O velório que não chegou a ter a cadelinha morta a pauladas num Carrefour

‘Uma centena de cães correu diante das luzes oscilantes, e sentaram em cima de cada eletrodoméstico e de cada móvel restantes, como se fossem os donos’

O velório que não chegou a ter a cadelinha morta a pauladas num Carrefour
Capa do livro ‘Contos de Lugares Distante’, de Shaun Tan, editado no Brasil pela extinta Cosac Naify (Foto: Divulgação/Cosac Naify)
Por Hugo Souza

O portal G1 deu em primeira mão no início da tarde desta terça-feira, 18, que a polícia civil de São Paulo já concluiu o inquérito sobre o envenenamento, espancamento e consequente morte da cadela Manchinha no Carrefour de Osasco, episódio que aconteceu no último 28 de novembro e causou comoção nacional. A conclusão da polícia é que a responsabilidade pela morte do animal é tão somente do segurança que o espancou. Se condenado, a pena é de três meses a um ano de prisão, além de multa. O Carrefour não será responsabilizado pela terceirização de tão macabra atividade-meio.
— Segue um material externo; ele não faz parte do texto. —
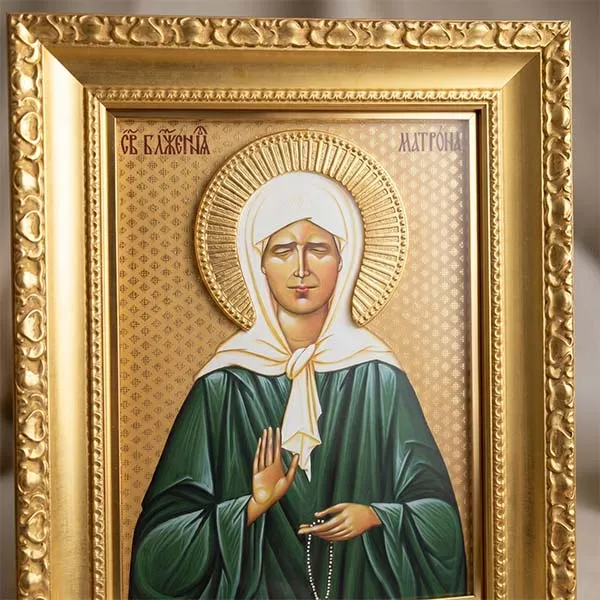 Velika slavska ikona Sveta Matrona Moskovska na drvetu 41x33 cm sa pozlatom-3
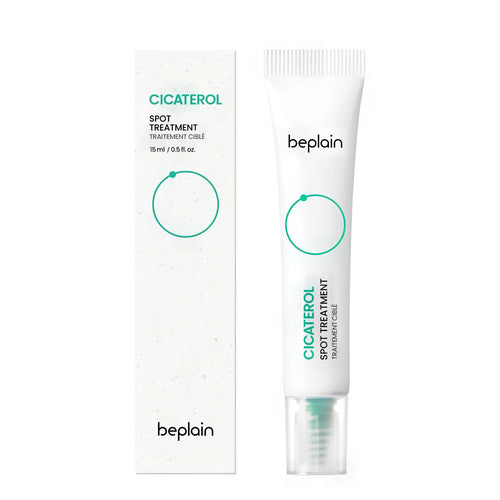 BEPLAIN Cicaful Spot Treatment 15ml precision tube showing the clear concentrated gel texture for Korean local acne flare care.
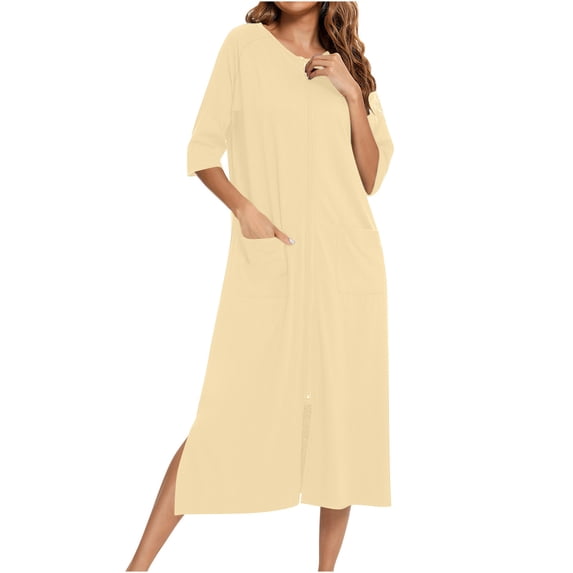 Vhkiploz 3/4 Sleeves Nightgown for Women Full Zipper Robe V-Neck Sleepwear Summer Nightdress Loose Pajamas Dress Solid Color Below-the-Knee NightShirt with Pockets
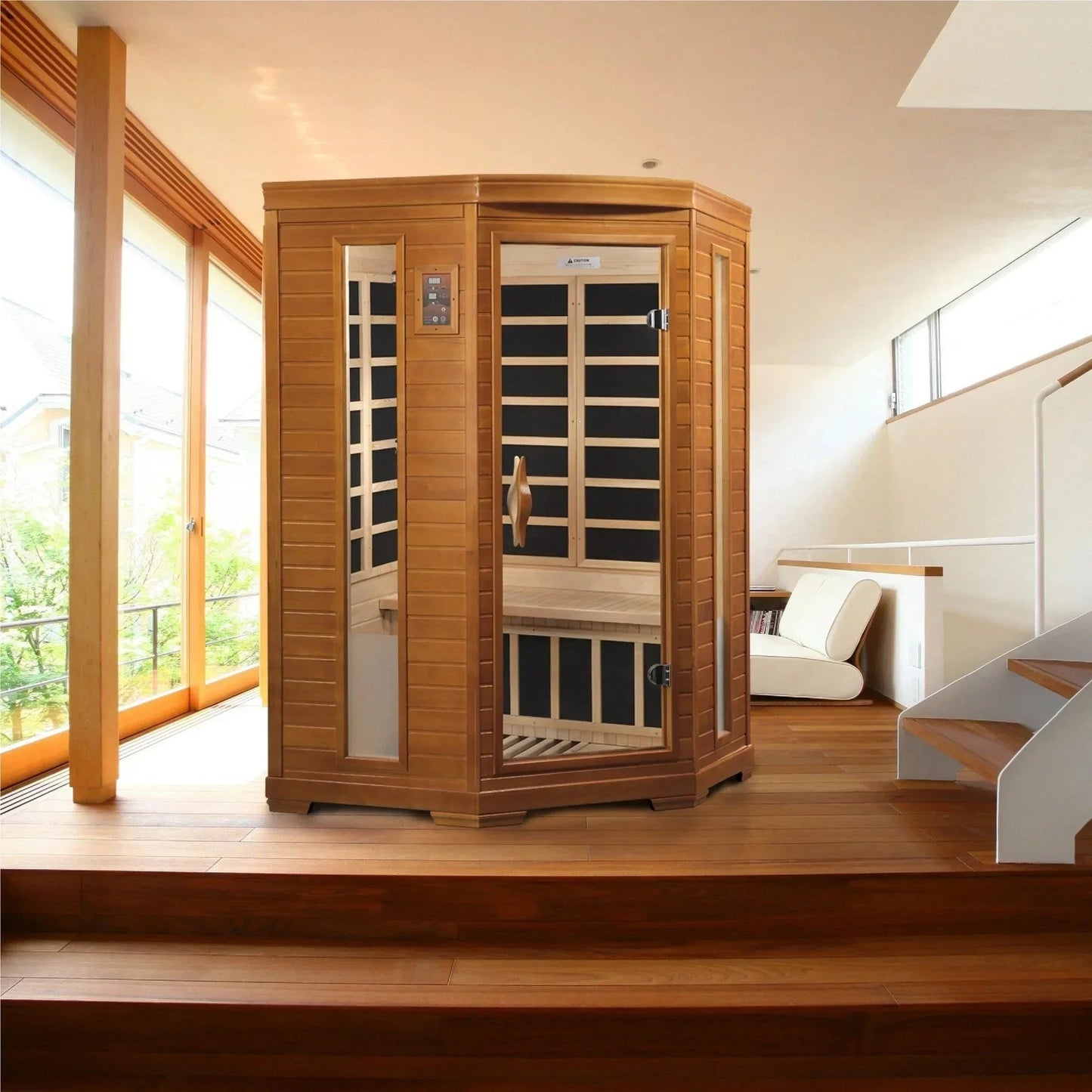 Dynamic "Heming" 2-person Corner Low EMF FAR Infrared Sauna-Dynamic Saunas-HQ Sauna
Há poucos dias, a 7ª Vara Cível da Barra da Tijuca, no Rio de Janeiro, determinou que o Carrefour da Barra não pratique “atos que possam ocasionar o extermínio de gatos eventualmente existentes no interior do supermercado”, ou “crime de maus-tratos com resultado morte”. A decisão saiu em resposta a uma ação impetrada na Justiça em setembro, pelo Núcleo de Prática Jurídica das Faculdades Integradas Hélio Alonso (Facha), a pedido da ONG Oito Vidas.
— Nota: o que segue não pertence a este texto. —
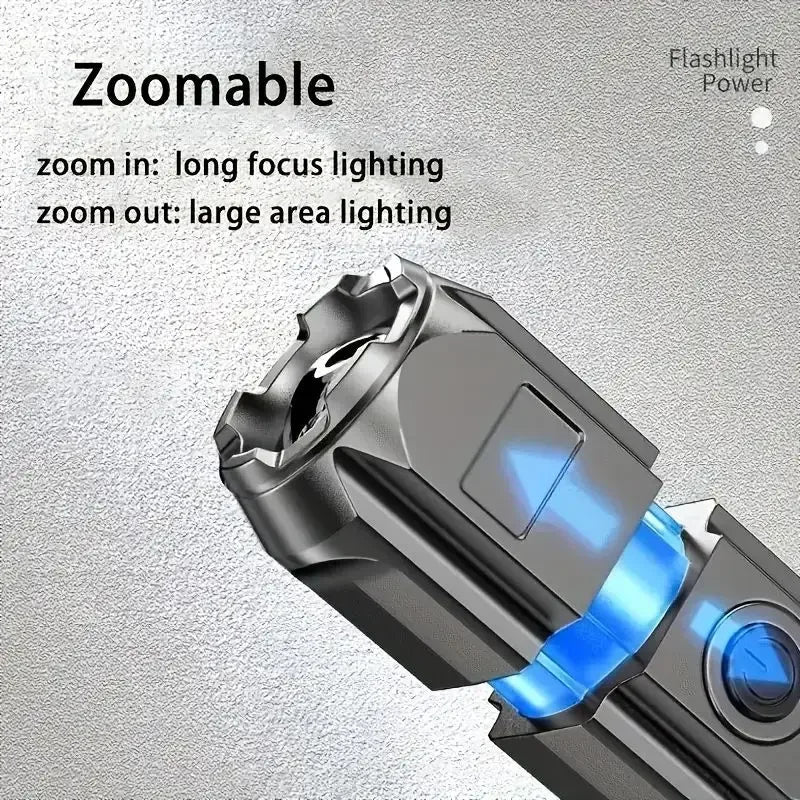 FT15 XPE LED Flashlight – USB Rechargeable, Zoomable, 100m Beam for Fishing, Hunting & Camping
Nesta semana, outro caso de espancamento e morte de uma cadela vem causando indignação, após um vídeo com imagens muito duras do animal morto no colo da dona, uma idosa, circular nas redes sociais e ir parar no noticiário de TV. Aconteceu em Bom Jesus do Itabapoana, no norte fluminense, no lar de uma família aparentemente acossada, enervada, determinada pelas dificuldades do dia-a-dia. O vídeo foi feito por uma mulher, que, de celular em punho, ora mostra o animal morto no colo da dona, sua avó, ora mostra o rosto do marido (“agora ex-marido”, diz ela), o espancador, já entretido com outros afazeres, após sujar as mãos de sangue – talvez convencido, em seu íntimo, da absolvição pela atrocidade que tinha acabado de cometer, porque, afinal, Deus já lhe deu a vida como pena.
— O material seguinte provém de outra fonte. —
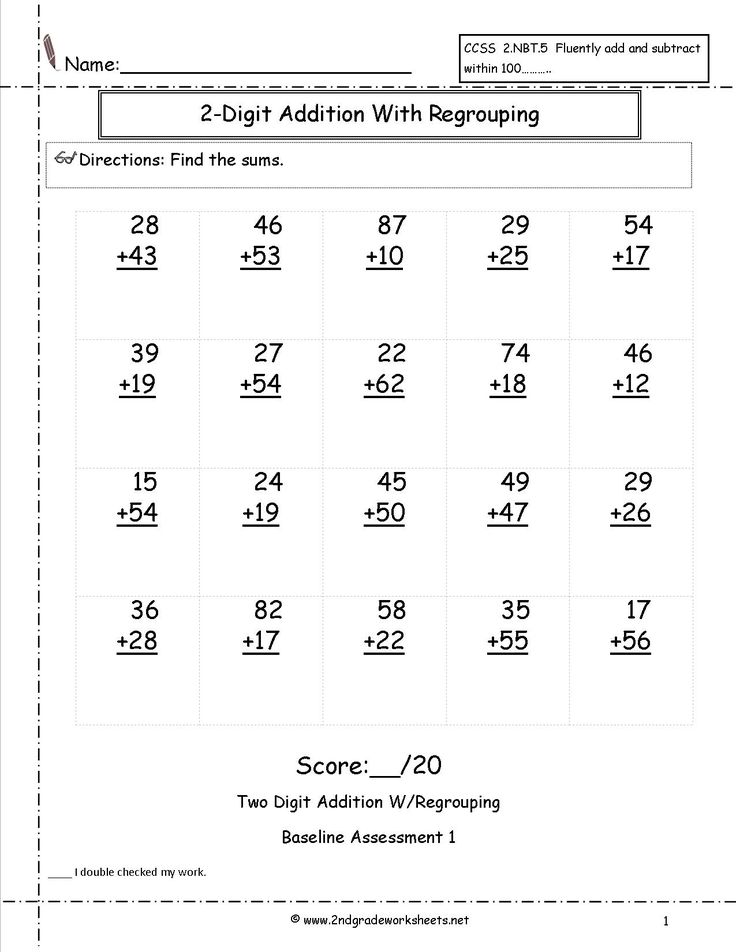 addition worksheet for grade 1 without carryover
Também nesta terça, dia em que saiu a notícia sobre a conclusão do inquérito sobre a morte violenta da cadela Manchinha no Carrefour de Osasco, o Carrefour de Osasco pegou fogo, 20 dias após Manchinha morrer como morreu. Começa assim o conto “Velório”, do escritor australiano Shaun Tan, que se notabilizou por explicar para as crianças, com sensibilidade ímpar, o quão duro, cão, é o mundo lá fora: “aconteceu um incêndio na casa de um homem que, poucos dias antes, havia matado seu cachorro a pauladas”.

Este Opinião e Notícia reproduz abaixo, “em primeira mão”, o que se segue no conto “Velório”, de Shaun Tan, a título do velório que Manchinha não teve, “incinerado” que foi, às pressas, seu corpinho peludo estropiado até não aguentar mais:

“Ele era um homem forte e por isso conseguiu salvar todos seus pertences sozinho, carregando-os da casa para o jardim. Assim que terminou, uma centena de cachorros de todos os tamanhos e formas correu diante das luzes oscilantes, vindos das trevas ao redor, e prontamente sentaram em cima de cada eletrodoméstico e de cada móvel restantes, como se fossem os donos. Além de não deixarem o homem chegar perto e rosnar ferozes quando ele tentava bater neles, ficavam estáticos, olhando impassivelmente para as chamas”.

“O fogo era de uma intensidade surpreendente e a casa veio abaixo em questão de minutos. O homem, enfurecido, saiu procurando uma arma. Como se tivessem entendido, os cachorros pularam para o chão e começaram a circular calmamente pelas trevas enfumaçadas, revezando-se para urinar sobre cada objeto salvo pelo homem. Eles uivaram apenas uma vez, nem muito alto nem muito demorado, mas o uivo continha tanta melancolia que até quem não podia ouvi-lo revirou-se na cama”.

“E então eles se foram, espalhando-se pelas ruas e pelos becos, atentos ao som de suas próprias patas arranhando as calçadas de concreto, o chão que já fora de terra escura e selvagem. Eles não se voltaram para os últimos focos de incêndio na grama, nem mesmo para o homem que retornara segurando um pé de cabra inútil e estava parado sobre as cinzas, sozinho e chorando. Os cachorros só pensavam em seus lares: no cheiro das casinhas quentinhas, nos cobertores macios e nas camas em que os humanos dormiam, aqueles que lhe haviam dado nomes tão peculiares”.

O conto “Velório” está no livro infanto-juvenil “Contos de Lugares Distantes”, editado no Brasil pela extinta Cosac Naify. Se “o Haiti é aqui”, em todos os sentidos (inclusive no dos militares brasileiros que lá estiveram e que agora cá estão, no governo), sobre os lugares distantes de Shaun Tan, então, nem se fala. As “trevas enfumaçadas” estão sempre logo ali.